Confirm the pod is Pending:

kubectl get pod <pod-name> -n <namespace> -o wide

Check pod events for scheduling failures:

kubectl describe pod <pod-name> -n <namespace> | grep -A 20 "Events:"

Check node resources available:

kubectl describe nodes | grep -A 5 "Allocated resources"

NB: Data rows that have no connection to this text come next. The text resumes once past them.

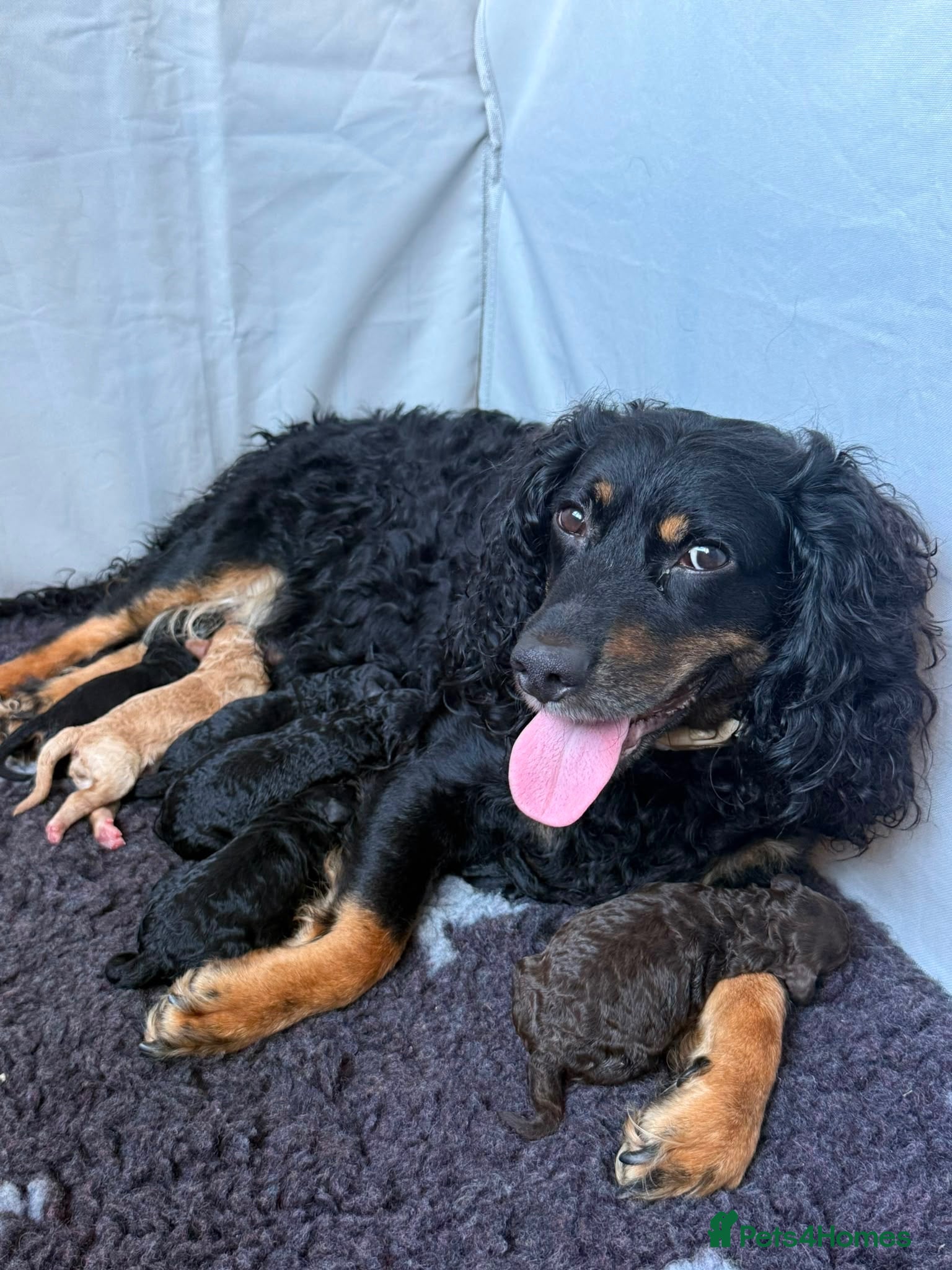 Cockapoo dogs Stunning cockapoo/toy poodle puppies  - Advert 1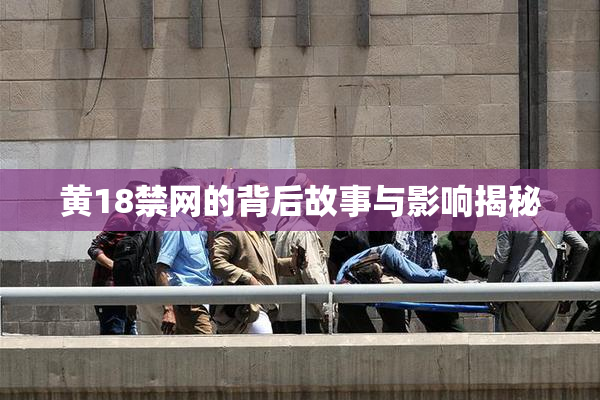 黄18禁网的背后故事与影响揭秘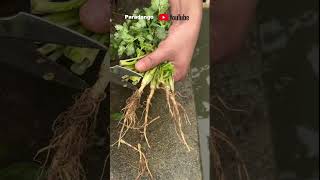 Coriander root has many uses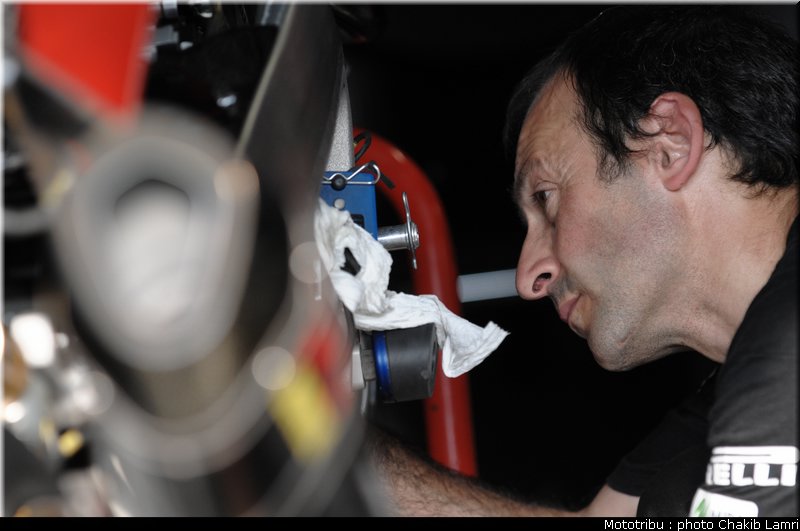 paddock_51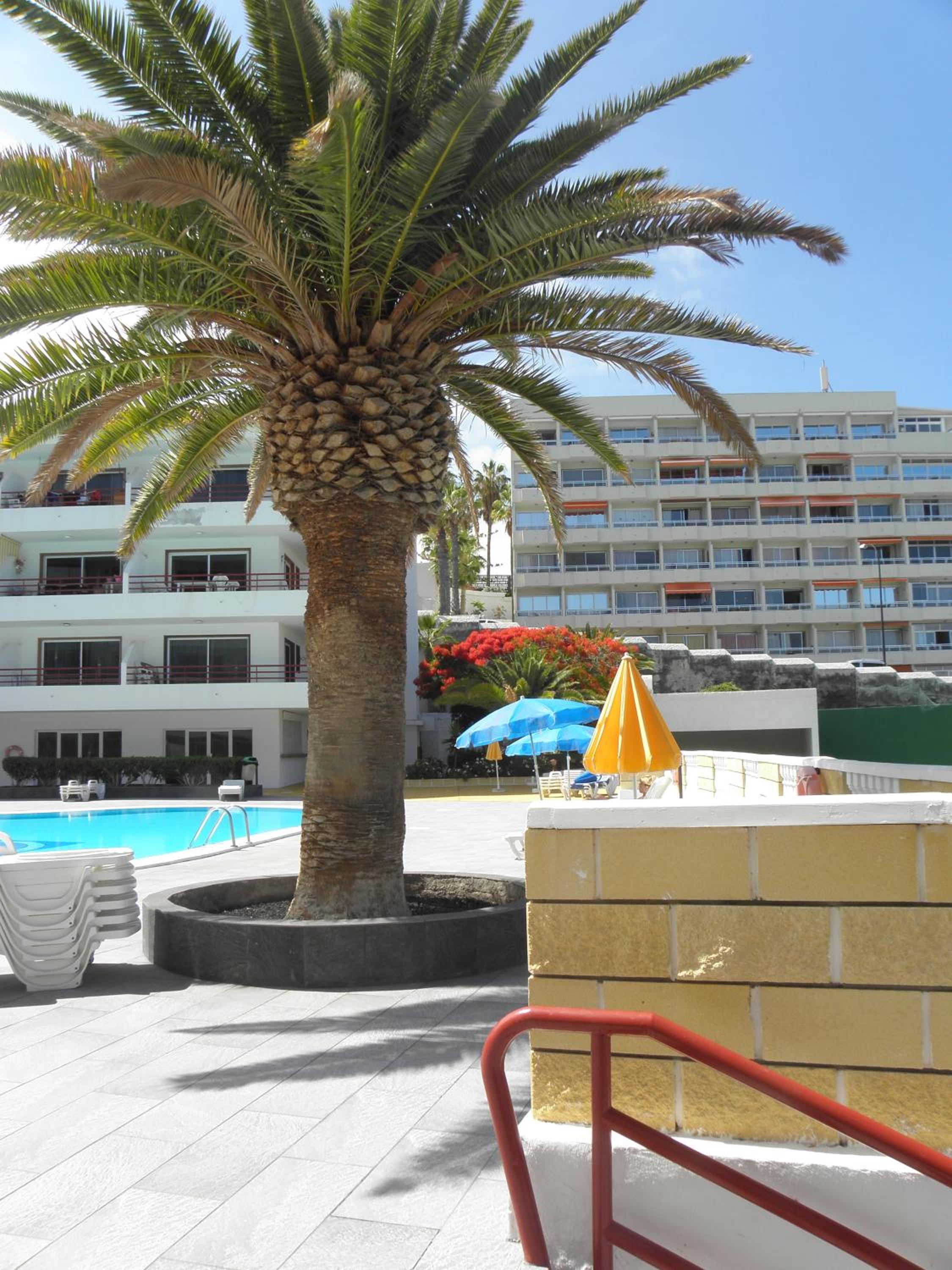 Beach Apartment with Ocean View La Arena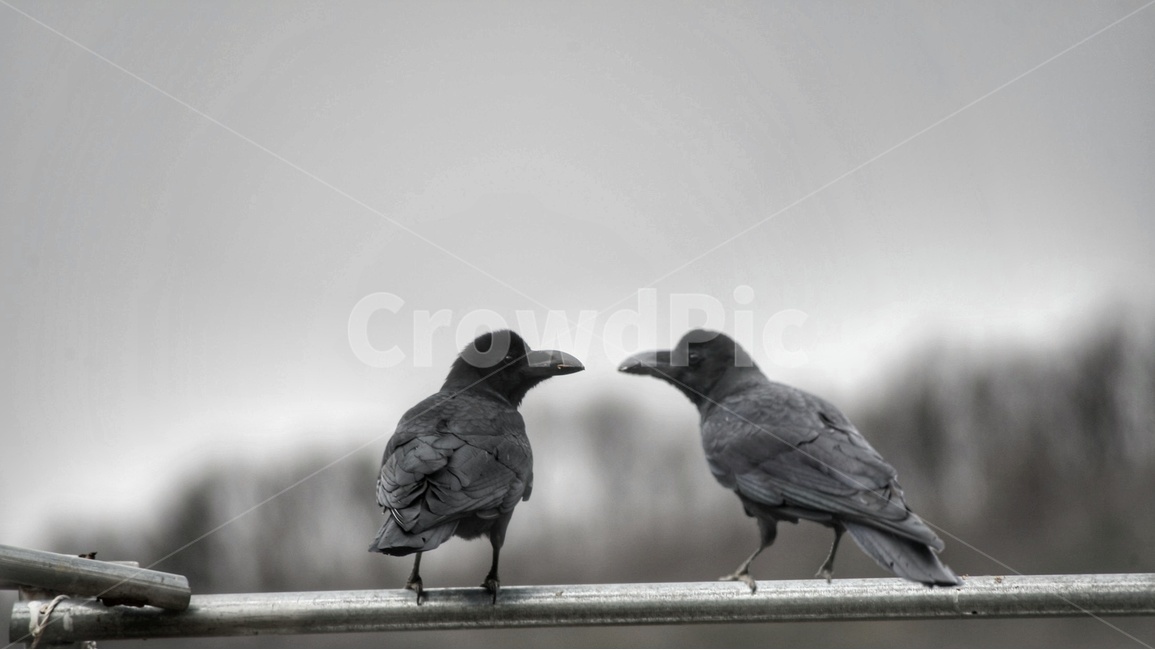 새,까마귀,동물,animal,야생동물,동물,animal,조류,새,birds,흑백,모노톤,monochrome,black and white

Check if node selectors or affinities are too restrictive:

kubectl get pod <pod-name> -o jsonpath='{.spec.nodeSelector}'
kubectl get pod <pod-name> -o yaml | grep -A 10 affinity

Check for taints that may prevent scheduling:

kubectl get nodes -o custom-columns='NAME:.metadata.name,TAINTS:.spec.taints[*].effect'

Check tolerations on the pod:

kubectl get pod <pod-name> -o jsonpath='{.spec.tolerations}' | python3 -m json.tool

Check if PersistentVolumeClaims are bound:

kubectl get pvc -n <namespace>

Check resource quotas in the namespace:

kubectl get resourcequota -n <namespace>
kubectl describe resourcequota -n <namespace>

Insufficient cpu or Insufficient memory in events means no node has enough capacity
node(s) didn't match Pod's node affinity/selector means label or affinity mismatch
node(s) had taints that the pod didn't tolerate means taint/toleration mismatch
persistentvolumeclaim not found or unbound means storage is not available
Quota exceeded means the namespace resource quota is full

No cleanup needed if you are inspecting an existing pod. Delete any test pods you created.